Taking the listing below, restate word for word each line from the line with "Antique-Style Golden Jhumka For Women" to the line with "MARDINGTOP CORDURA Fabric", ends included, and stop there.

:: Data to use ::
----
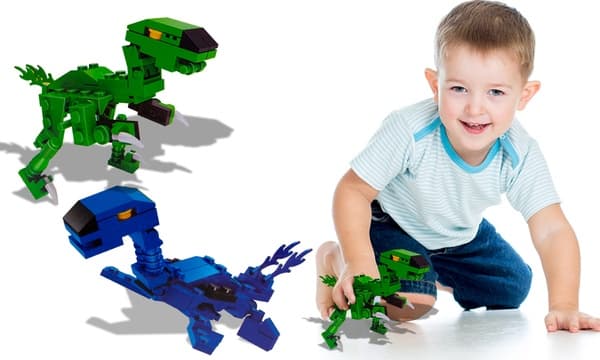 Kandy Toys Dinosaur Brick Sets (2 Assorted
----
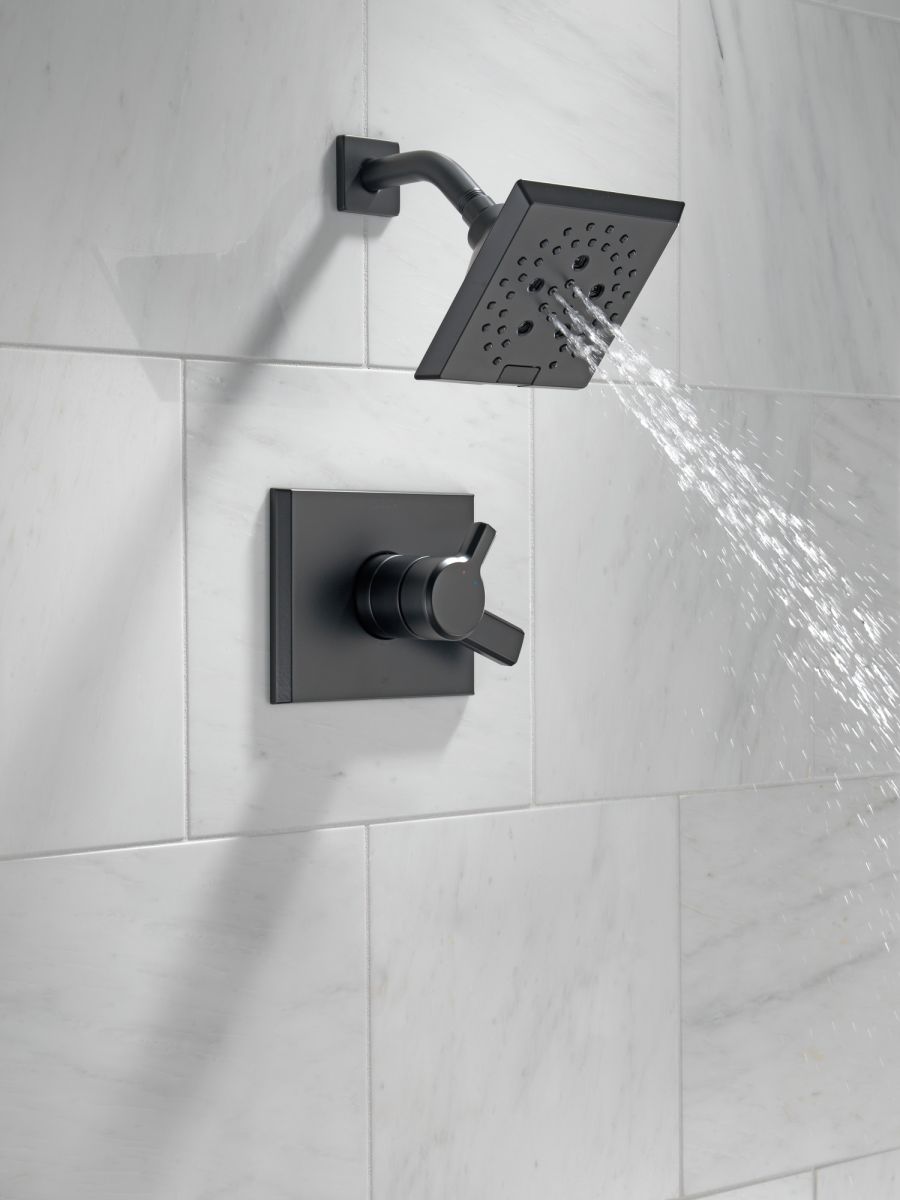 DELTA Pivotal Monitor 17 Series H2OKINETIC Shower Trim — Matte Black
----
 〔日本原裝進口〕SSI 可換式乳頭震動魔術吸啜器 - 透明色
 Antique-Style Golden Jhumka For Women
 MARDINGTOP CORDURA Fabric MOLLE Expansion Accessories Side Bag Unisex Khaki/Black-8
----
:: Response area ::
 Antique-Style Golden Jhumka For Women
 MARDINGTOP CORDURA Fabric MOLLE Expansion Accessories Side Bag Unisex Khaki/Black-8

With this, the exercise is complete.